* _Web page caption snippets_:
········
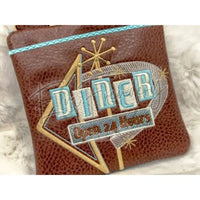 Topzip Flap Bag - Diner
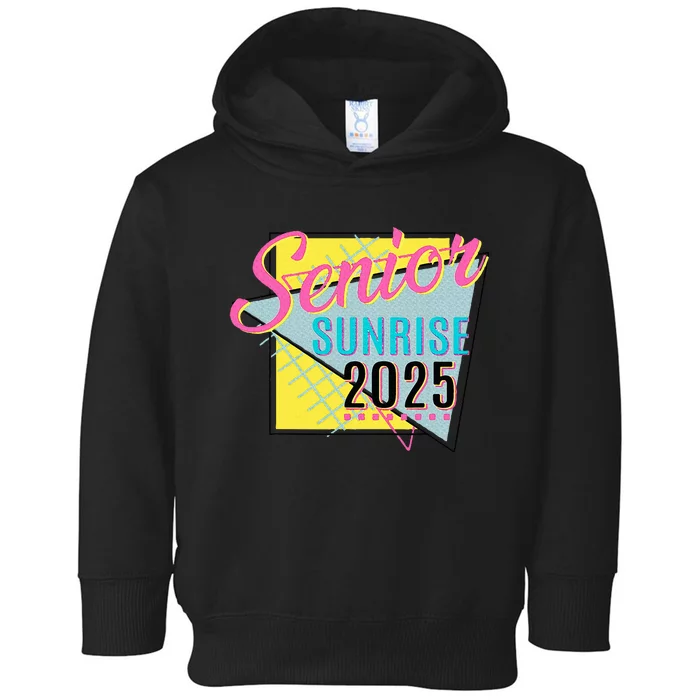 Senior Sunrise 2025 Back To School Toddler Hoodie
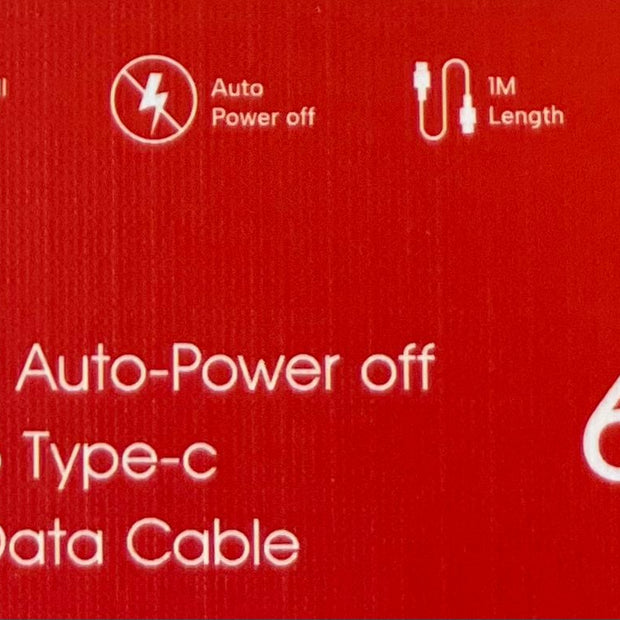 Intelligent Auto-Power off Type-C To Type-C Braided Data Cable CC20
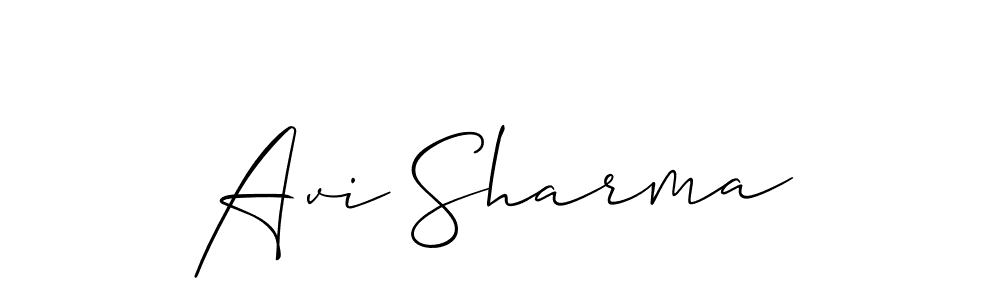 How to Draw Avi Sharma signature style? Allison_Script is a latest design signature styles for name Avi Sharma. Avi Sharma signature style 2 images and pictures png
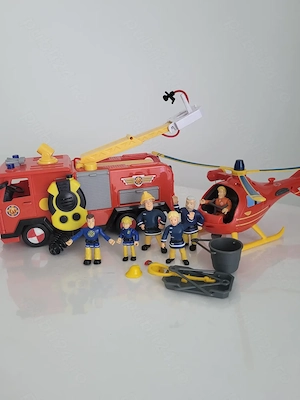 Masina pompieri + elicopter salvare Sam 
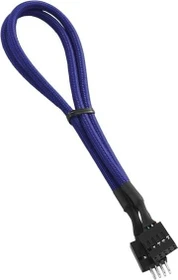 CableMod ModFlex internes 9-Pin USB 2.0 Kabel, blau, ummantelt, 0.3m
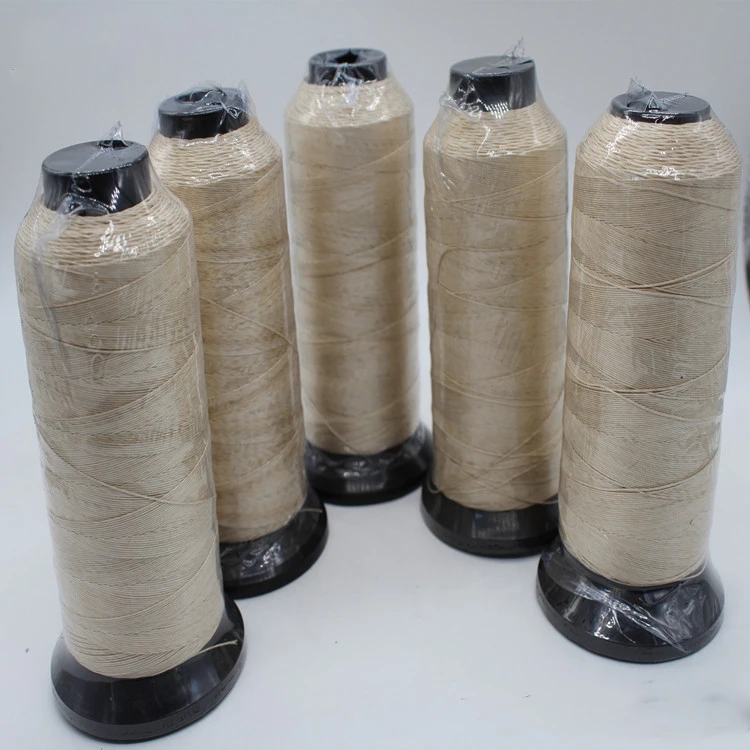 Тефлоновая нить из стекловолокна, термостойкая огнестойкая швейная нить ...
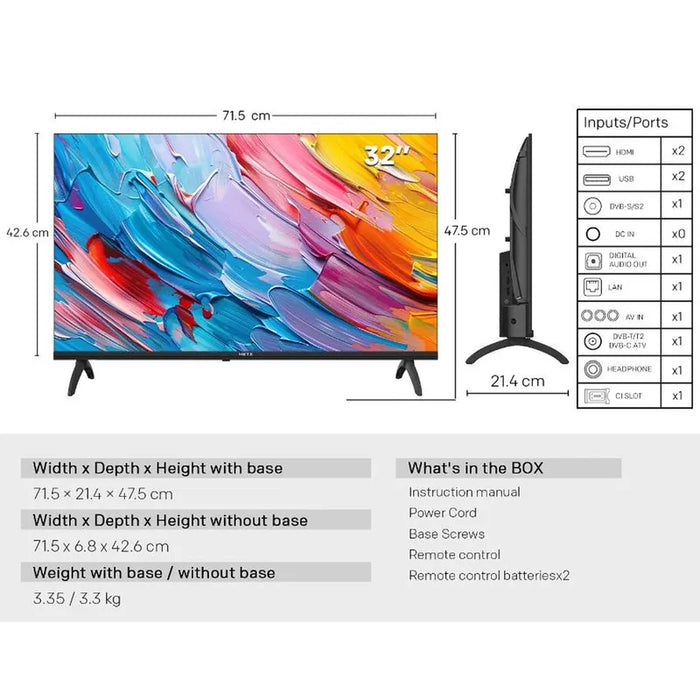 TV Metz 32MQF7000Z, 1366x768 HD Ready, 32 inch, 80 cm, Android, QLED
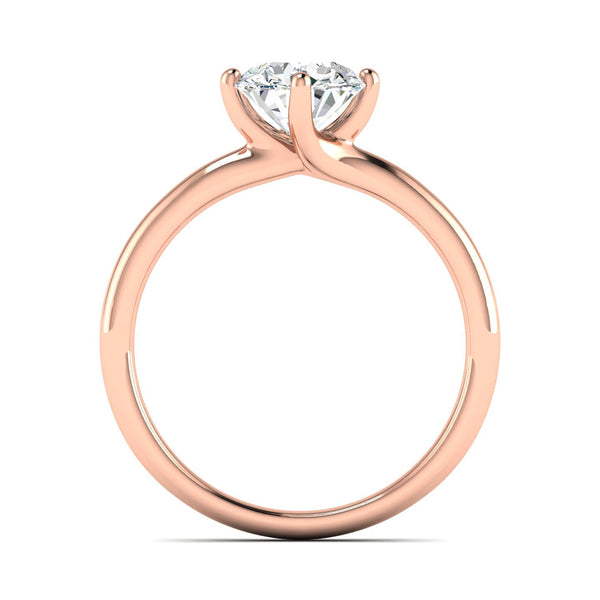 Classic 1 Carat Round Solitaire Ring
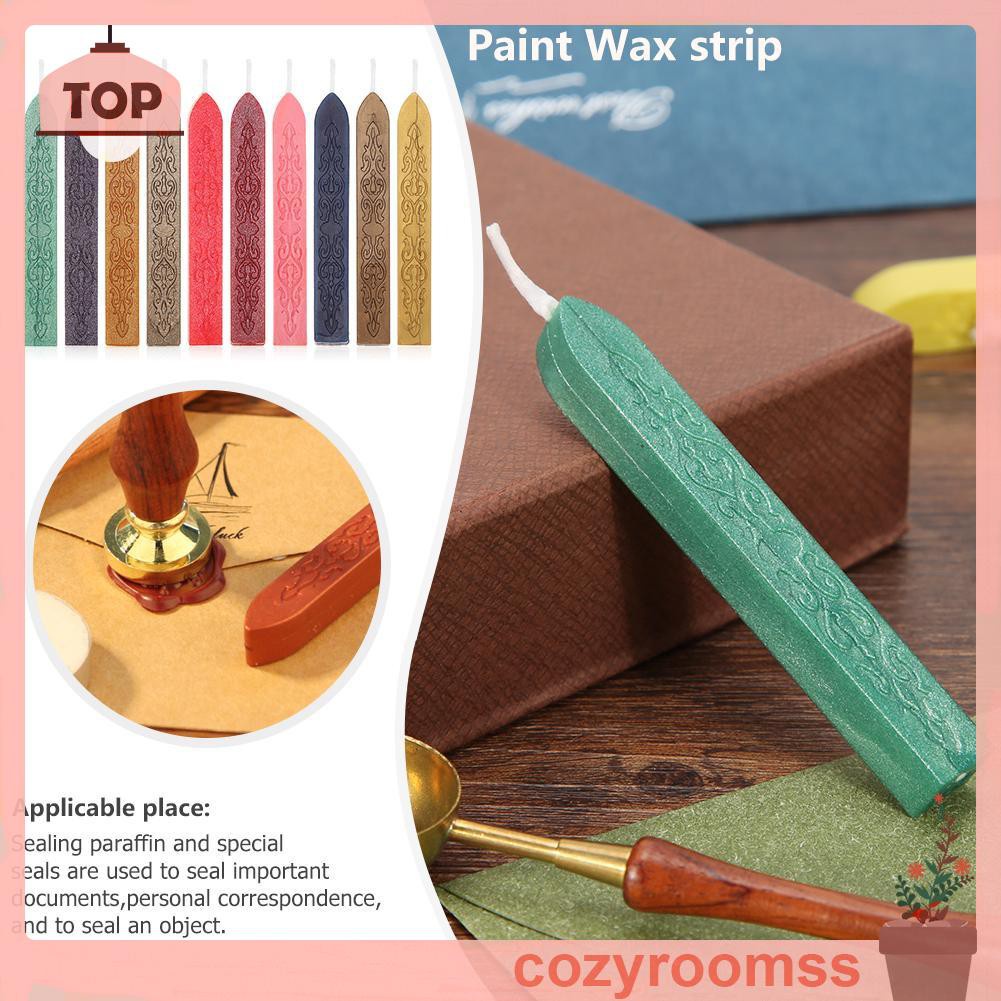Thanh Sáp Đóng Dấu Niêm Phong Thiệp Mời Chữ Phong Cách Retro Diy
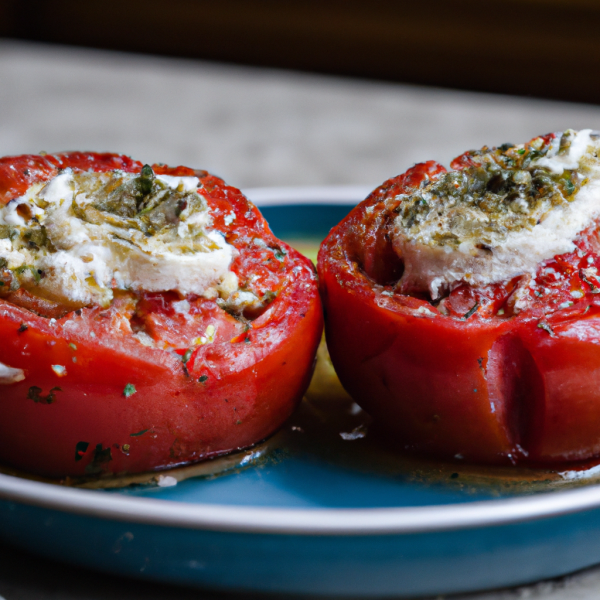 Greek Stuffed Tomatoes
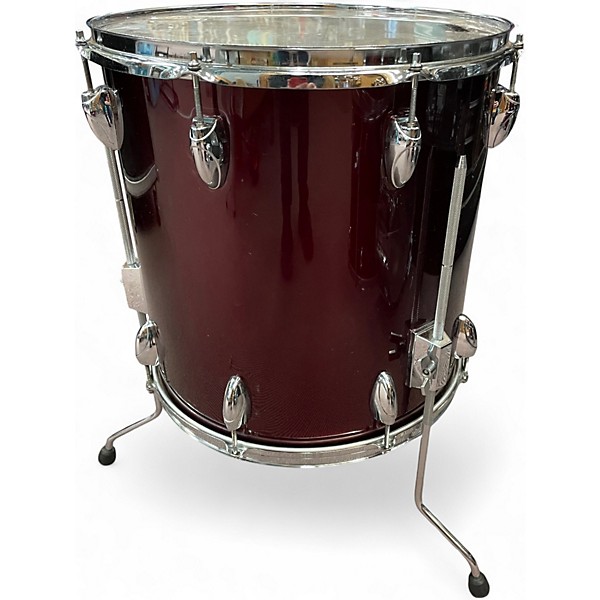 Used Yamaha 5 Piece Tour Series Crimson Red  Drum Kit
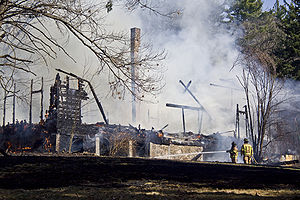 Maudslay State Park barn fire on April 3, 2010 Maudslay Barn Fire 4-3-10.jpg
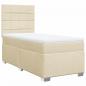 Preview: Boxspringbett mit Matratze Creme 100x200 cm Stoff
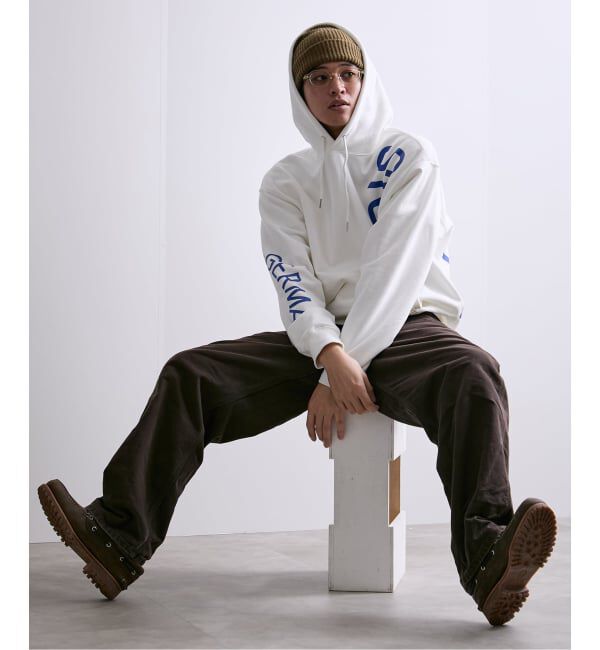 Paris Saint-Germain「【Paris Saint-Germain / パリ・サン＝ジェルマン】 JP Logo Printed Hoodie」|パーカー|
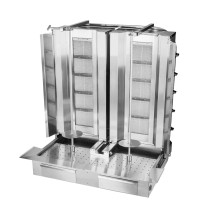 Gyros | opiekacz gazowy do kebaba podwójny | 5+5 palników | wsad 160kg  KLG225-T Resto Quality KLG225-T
········
* _Problem to solve_: Exclude the pictures, and output exactly the lines from the one with "Greek Stuffed Tomatoes" through the last line of the records, both included.

* _Solution to this task_:
 Greek Stuffed Tomatoes
 Used Yamaha 5 Piece Tour Series Crimson Red  Drum Kit
 Maudslay State Park barn fire on April 3, 2010 Maudslay Barn Fire 4-3-10.jpg
 Preview: Boxspringbett mit Matratze Creme 100x200 cm Stoff
 Paris Saint-Germain「【Paris Saint-Germain / パリ・サン＝ジェルマン】 JP Logo Printed Hoodie」|パーカー|
 Gyros | opiekacz gazowy do kebaba podwójny | 5+5 palników | wsad 160kg  KLG225-T Resto Quality KLG225-T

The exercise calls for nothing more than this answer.